FETÖ medyasına bağlı Zaman Gazetesi'nde analizler ve sosyal içerikli çıkarımlar yapan yazar Eser Karakaş'ın öngörüleri de tutmadı. Zaman Gazetesi'ndeki yazılarından açıkça iktidarı tehdit eden Karakaş, seçim öncesinde de twitter hesabından "Ortada artık AKP diye bir parti yok, hukuk dışı, güdümlü bir yapı var." twitiyle tepki çekmişti. Karakaş AK Parti'nin seçim saferinin ardından ise siyasi ve ekonomik istikrarır asla olmayacağını savunup, FETÖ'nün kurumları lehine hukuk işletilmesi istğeinde bulundu.

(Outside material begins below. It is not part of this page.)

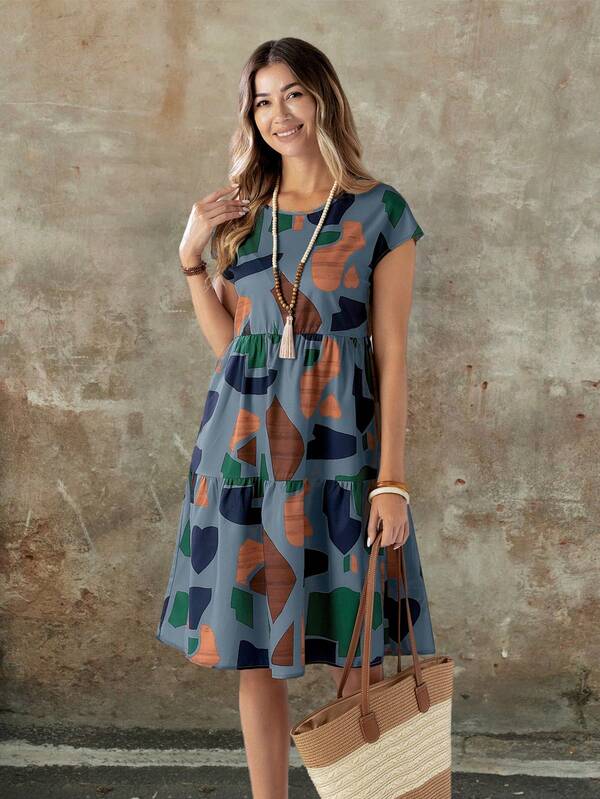Vestido Soltinho Com Recortes Estampa Abstrata Casual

Fox TV'de seçim öncesinde sürekli AK Parti iktidarını ve seçim hükümetini hedef alan yayınlar yapan iki sunucunun halleri dün görülmeye değerdi. Seçim öncesinde keyifli pozlar vererek sosyal medyadan bunu servis eden ikili seçim akşamı adeta bozuguna uğradı. Suratları düyen ve AK Parti'nin zaferi karşısında şaşkına dönen ikili yapmacık gülümsemelerle kendilerini kamufle etmeye çalıştılar.
Habertürk yazarı Fehmi Koru yazılarında sürekli olarak AK Parti'yi dizayn etmeye ve karıştırmaya yönelik yazılar yazarak algı operasyonu yaptı. AK Parti'nin eski haline dönmesini arzulayan Koru, AK Parti'nin tek başına seçim kazanamayacağı yönünde tereddütlerini beyan ederek algı operasyonuna destek çıkmıştı.
FETÖ'nün Pensilvanya'da yaşayan lideri Fetullah Gülen bu seçimin hiç şüphesiz en büyük kaybedeni oldu. AK Parti'nin güç kaybetmesi için bütün kirli ağlarla işbirliğine gören ve örgüt mensuplarıyla sahip olduğu medyadan algı operasyonu yapan Gülen'in tansiyonu seçim sonuçlarından sonra iyice yükselmiş olacak ki, sesi kesildi. Örgütün bu kadar çabaya rağmen hiçbir varlığının ve gücünün olmadığı bir kere daha tescillenmiş oldu.